Exercise goal: Find the line with "12416 84th Road 2E, Kew Gardens, NY 11415" in the records below. Output exactly from there until after the line with "Sac fourre-tout tissé", without pictures.

(Beginning of Data)

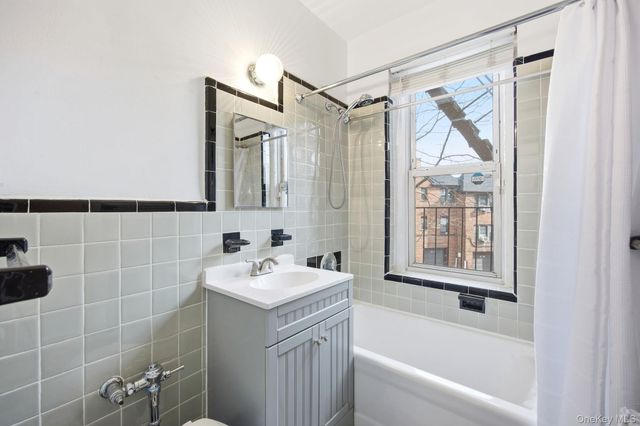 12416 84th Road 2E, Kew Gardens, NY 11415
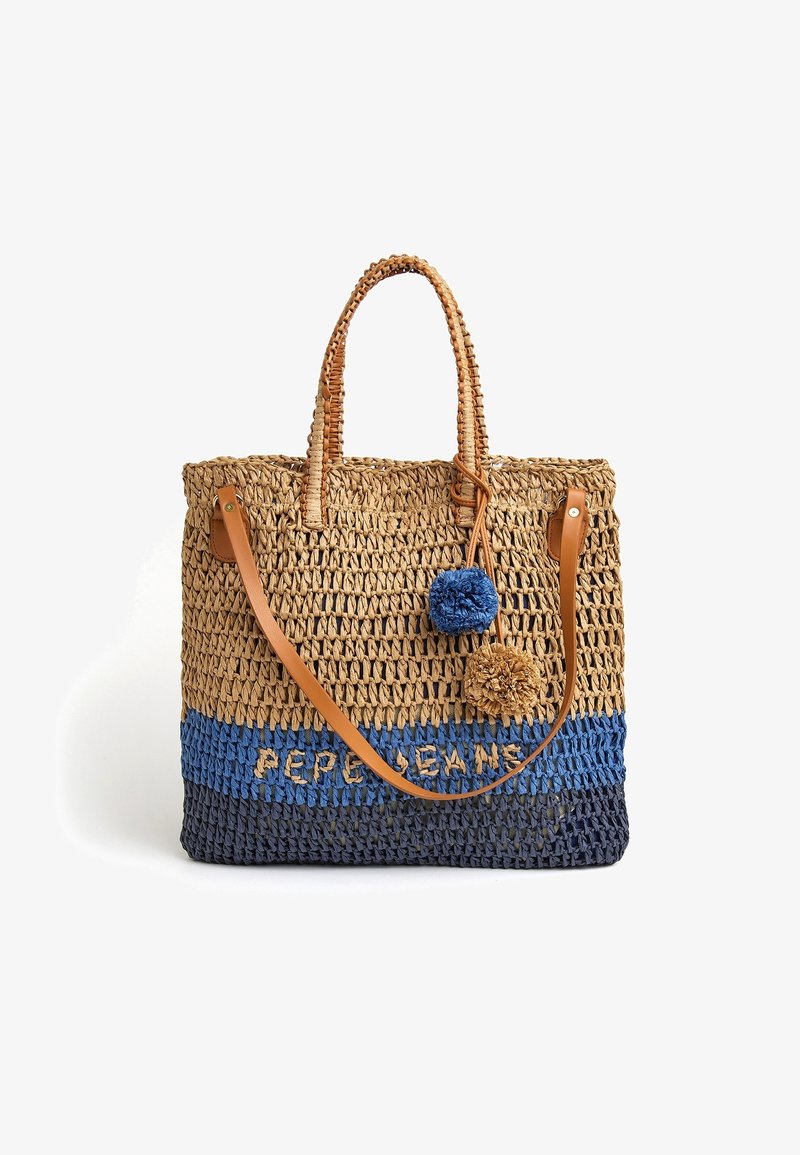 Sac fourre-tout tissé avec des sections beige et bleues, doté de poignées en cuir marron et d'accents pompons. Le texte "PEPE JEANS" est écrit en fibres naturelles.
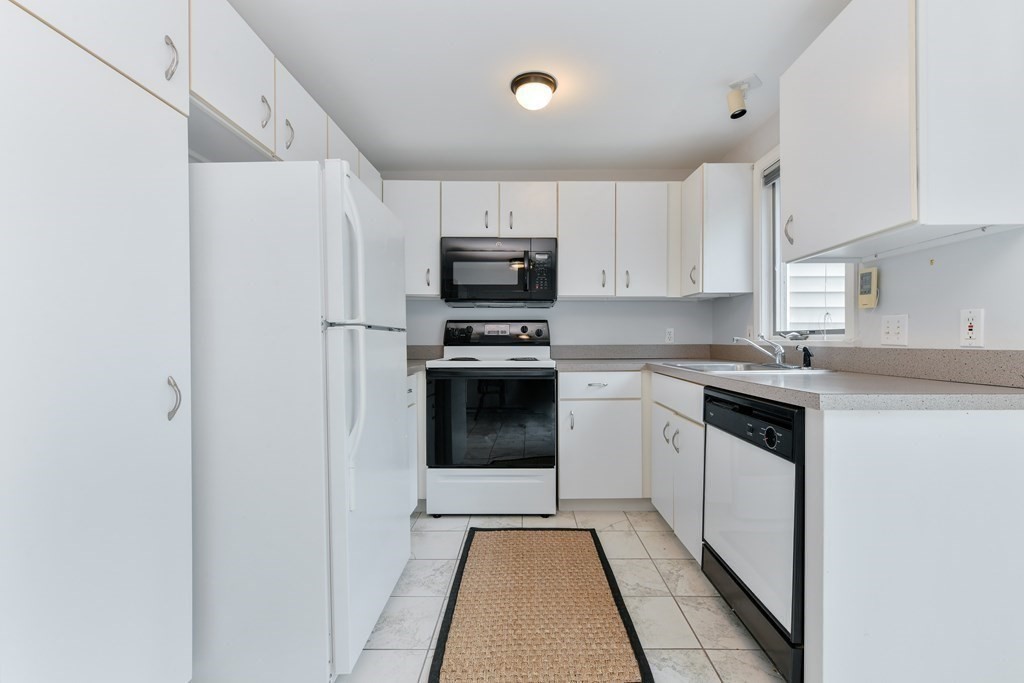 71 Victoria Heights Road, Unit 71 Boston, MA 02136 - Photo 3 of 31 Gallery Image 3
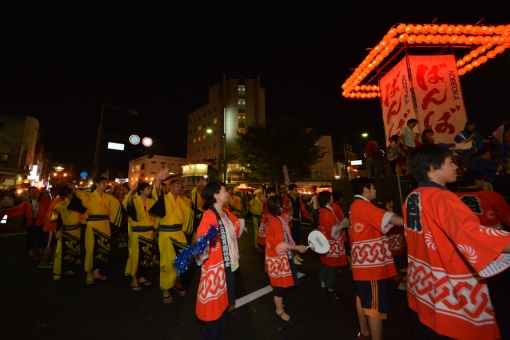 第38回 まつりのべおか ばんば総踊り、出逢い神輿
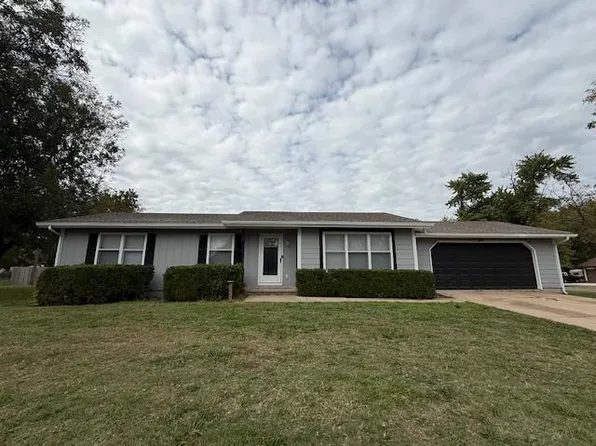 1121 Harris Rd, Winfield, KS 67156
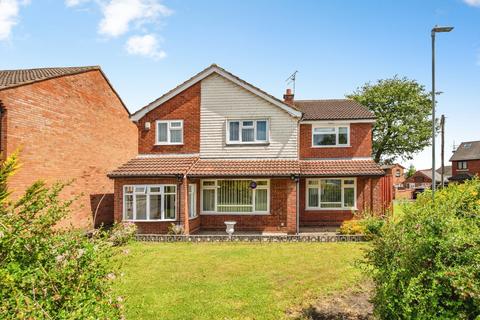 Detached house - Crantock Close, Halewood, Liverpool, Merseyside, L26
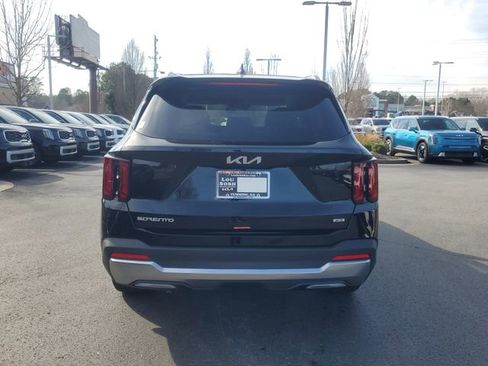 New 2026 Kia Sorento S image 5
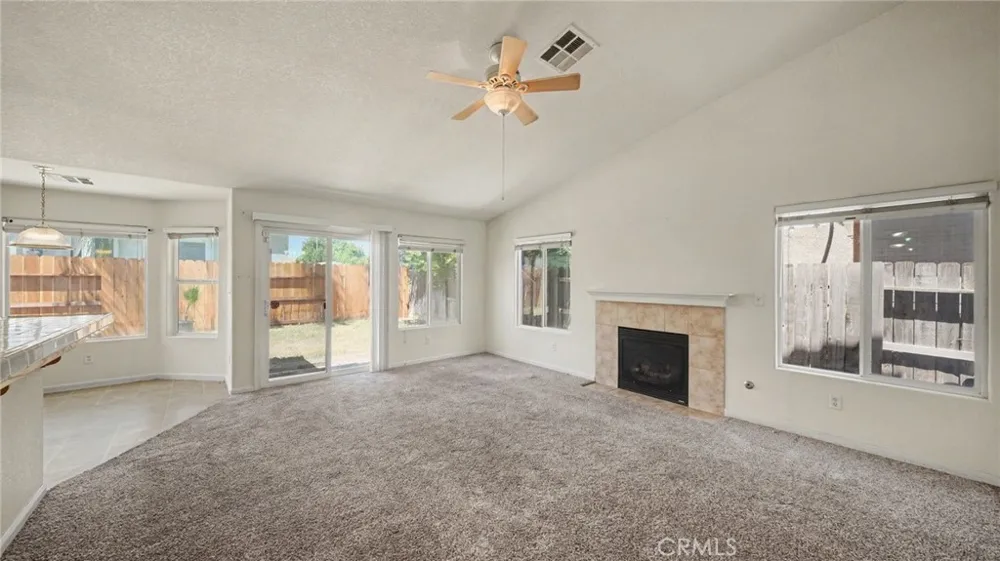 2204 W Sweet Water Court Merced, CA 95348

(End of Data)
(Beginning of Data)

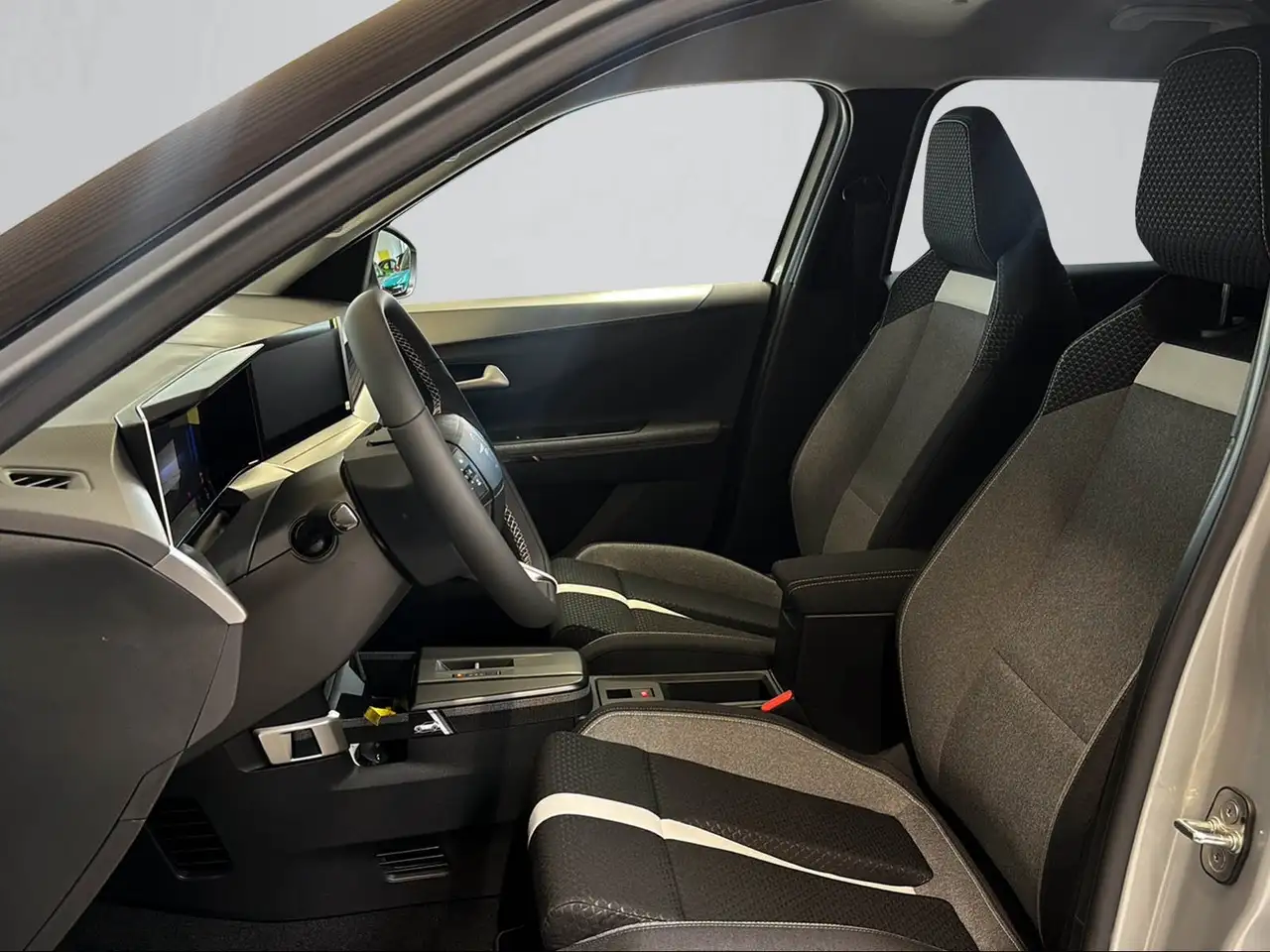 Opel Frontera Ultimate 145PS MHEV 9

(End of Data)

Reply:
 12416 84th Road 2E, Kew Gardens, NY 11415
 Sac fourre-tout tissé avec des sections beige et bleues, doté de poignées en cuir marron et d'accents pompons. Le texte "PEPE JEANS" est écrit en fibres naturelles.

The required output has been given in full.